LOXAHATCHEE, Fla. (AP) – South Florida water officials are threatening to cancel a lease with the U.S. Fish and Wildlife Service over management of a 144,000-acre wildlife refuge in the Everglades.
The Miami Herald (http://hrld.us/2hxsjTN ) reports that the South Florida Water Management District owns the land occupied by the Arthur R. Marshall Loxahatchee National Wildlife Refuge, but the federal agency operates the refuge.
State water officials claim the federal agency has done a lousy job of maintaining the refuge, especially when it comes to controlling a fern that has spread throughout the Everglades.
But supporters of the refuge say the threat is more about politics than anything.
They say state water officials just want to end federal meddling in the refuge, and that would give them more control over setting water quality standards.

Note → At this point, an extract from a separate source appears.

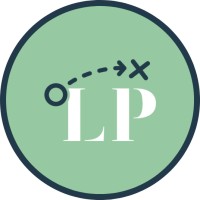 Jeff Mohs | Leading Pass Logo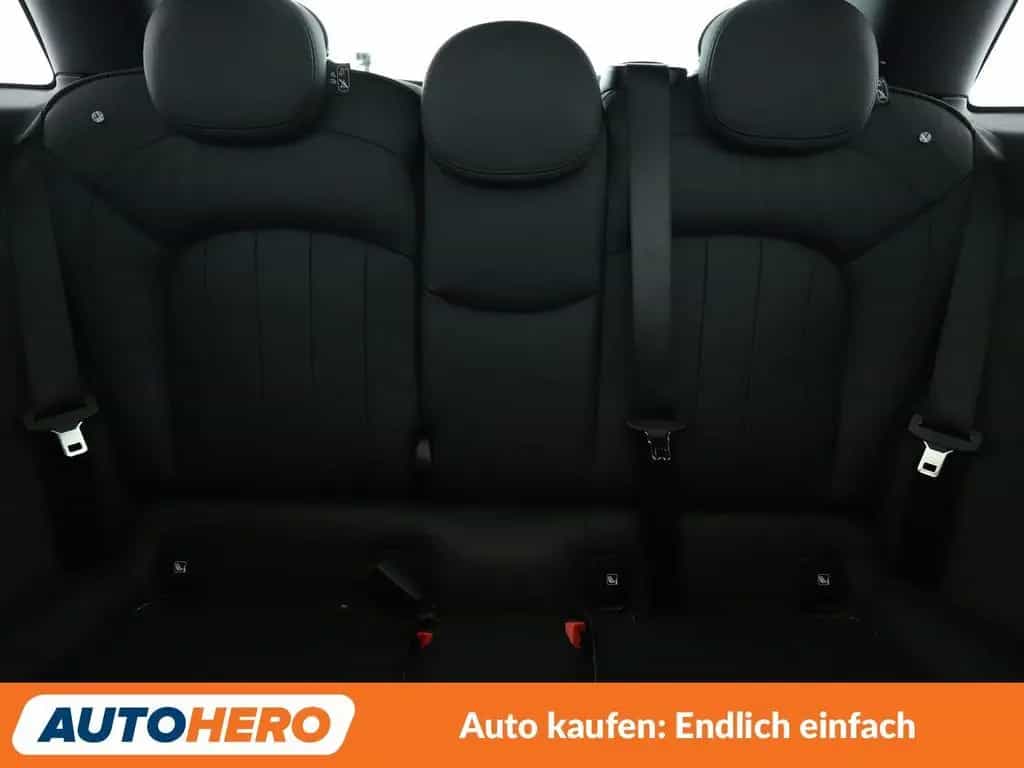 MINI Cooper S John Cooper Works Trim Aut.*NAV*LED* 02/2023-photo-15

There is a federal court order to limit the amount of phosphorus from fertilizers flowing into Everglades National Park. If the land is no longer a refuge, water district officials could argue that the limit no longer applies and also change that limit in state standards too, said Martha Musgrove, regional director for Florida Wildlife Federation, a conservation group.
“They want to set their own water quality standards and not have a federal court looking over their shoulder,” Musgrove said.
Water district officials have vowed to protect plants and wildlife in the refuge, as well as scientific research and public use, but federal wildlife officials say the land will be managed without wildlife as its focus if it’s not a refuge.
“A small group of men who are out of step with everyone in this room have made a decision to cancel the lease,” Nathaniel Reed, a former assistant Secretary of the Inerior told a meeting of refuge supporters this month. “They are totally out of step with all of us.”
Water district officials said they can no longer tolerate how the refuge is being managed, especially when it comes to controlling the Old World climbing fern, which has infested huge swaths of the Everglades. District executive director Pete Antonacci said district officials, out of frustration, invited Department of Interior officials to see the damage caused by the fern three years ago.
“The Department of Interior came down and saw the damage and did nothing,” Antonacci said.